▸ **What the exercise asks**
How do the lines read from the one holding "扎心了，ESPN：丹伯恩飞跃什克里尼亚尔头球破门" through the last line of the listing? Set them down exactly, pictures omitted.

▸ **Information supplied**
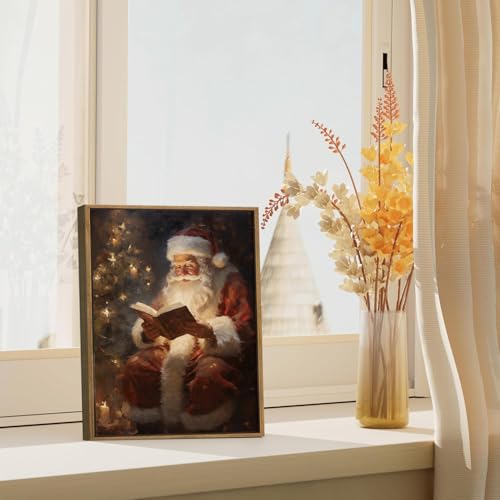 Vintage Christmas Wall Art Santa Reading by Christmas Tree Framed 10x8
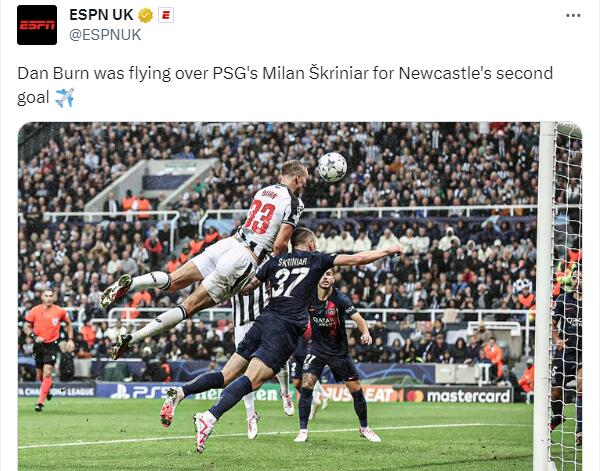 扎心了，ESPN：丹伯恩飞跃什克里尼亚尔头球破门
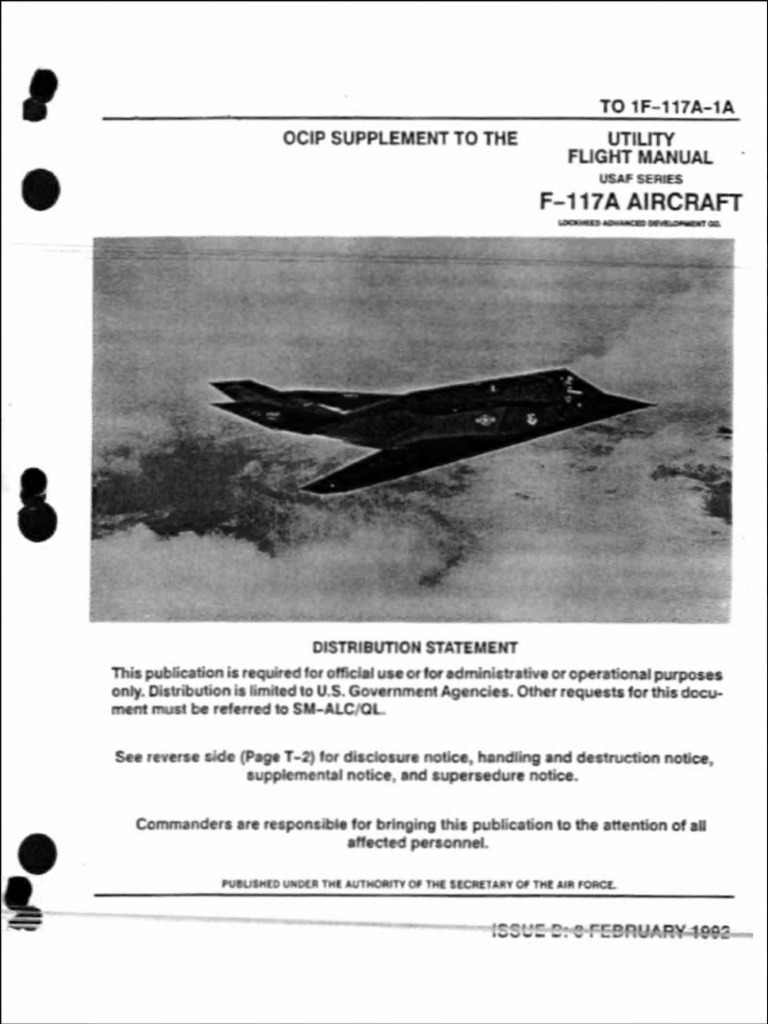 F-117A Flight Manual Supplement | PDF | Aviation | Aerospace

▸ **Result below**
 扎心了，ESPN：丹伯恩飞跃什克里尼亚尔头球破门
 F-117A Flight Manual Supplement | PDF | Aviation | Aerospace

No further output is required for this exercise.